L’odeur du chlore c’est cette odeur qui nous a manqué pendant les longues semaines de confinement… et qu’on a eu le plaisir de retrouver ! C’est aussi cette odeur dans laquelle Irma Pelatan nous immerge pour notre plus grand bonheur.



Dans son inclassable ouvrage, entre récit et chronique, voire autobiographie –, l’autrice raconte une jeunesse passée aux bords des bassins, où le corps de l’enfant devient celui de l’adolescente et de la jeune femme, à force de battements et d’ondulations. Avec beaucoup d’originalité et de sensibilité, elle propose la chronique d’un corps qui fait ses longueurs dans la piscine de Firminy, construite selon le programme "Modulor".

Le Modulor ? Il s’agit d’un système de mesure créé par le Corbusier, sorte de norme architecturale où le corps – celui d’un homme idéal de 1 mètre 83 – devient l’échelle de référence. Sous la plume d’Irma Pelatan, le Modulor réalise la mise en perspective de ce corps idéal : « un étalonnage né du corps, du corps idéal comme lieu de la proportion, le corps qui tend au nombre d’or. Refus du mètre-étalon, refus de l’impersonnel-étalon, du rationnel-étalon. Le corps comme échelle du tout […]. Le nombril à 113 cm du sol. Le corps de l’homme comme base du standard, de la norme. Tout dans la piscine est calculé comme ça : le banc du collectif à 43,2 centimètres du sol, c'est-à-dire la section du tibia idéal, la hauteur de crochet adaptée au mètre quatre-vingt-trois, à la stature de l’homme du Modulor ».

L’analyse n’est pas celle d’une architecte, froide et mesurée, mais celle d’une nageuse qui offre une perception intime et une compréhension personnelle d’un lieu qui a accompagné la croissance de son corps. Après tout, Irma Pelatan l’a habité pendant près de 15 ans, entre 4 ans et 18 ans, enchainant les longueurs avec ses camarades de lignes d’eau. Elle y a réalisé ce grand voyage qui mène de l’enfance à l’âge adulte… même si ce voyage se jouait dans un bocal d’une longueur de 25 mètres : « C’est vrai, quand on y pense, on allait pas bien loin. On nageait des kilomètres mais on restait sur place, dans notre petit bassin. Vingt-cinq mètres de long. On travaillait l’art du virage. L’art de la limite ».

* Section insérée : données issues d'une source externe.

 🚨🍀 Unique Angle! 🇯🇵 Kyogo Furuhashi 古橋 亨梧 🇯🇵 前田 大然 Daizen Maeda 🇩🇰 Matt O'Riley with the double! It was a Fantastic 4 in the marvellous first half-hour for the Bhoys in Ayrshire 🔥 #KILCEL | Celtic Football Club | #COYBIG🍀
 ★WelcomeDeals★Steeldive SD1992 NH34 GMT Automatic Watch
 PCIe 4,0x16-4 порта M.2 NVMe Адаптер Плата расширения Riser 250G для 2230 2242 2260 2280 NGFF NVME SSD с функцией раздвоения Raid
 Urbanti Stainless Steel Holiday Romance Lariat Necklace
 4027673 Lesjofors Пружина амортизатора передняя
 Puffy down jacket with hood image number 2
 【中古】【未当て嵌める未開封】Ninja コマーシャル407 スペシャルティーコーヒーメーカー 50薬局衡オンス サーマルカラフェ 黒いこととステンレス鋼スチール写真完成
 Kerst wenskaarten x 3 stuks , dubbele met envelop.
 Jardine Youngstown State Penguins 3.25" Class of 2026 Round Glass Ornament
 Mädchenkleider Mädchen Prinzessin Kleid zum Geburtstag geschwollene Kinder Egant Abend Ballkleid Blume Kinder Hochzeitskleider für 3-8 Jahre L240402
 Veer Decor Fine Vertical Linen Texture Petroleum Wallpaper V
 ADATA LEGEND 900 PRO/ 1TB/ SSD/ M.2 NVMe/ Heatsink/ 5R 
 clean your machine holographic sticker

Irma Pelatan nous conduit aussi dans un collectif avec ses règles et ses valeurs dont les points cardinaux semblent être rigueur et effort. Elle nous introduit dans la vie d’un club de province, loin du haut niveau et où les voix qui entrainent se colorent de « l’accent pied noir et de l’accent stéphanois ».


Un éloge nostalgique au monde des bassins… qui donne sérieusement envie de piquer une tête !


Irma Pelatan. L’Odeur du chlore. La contre allée, 2019.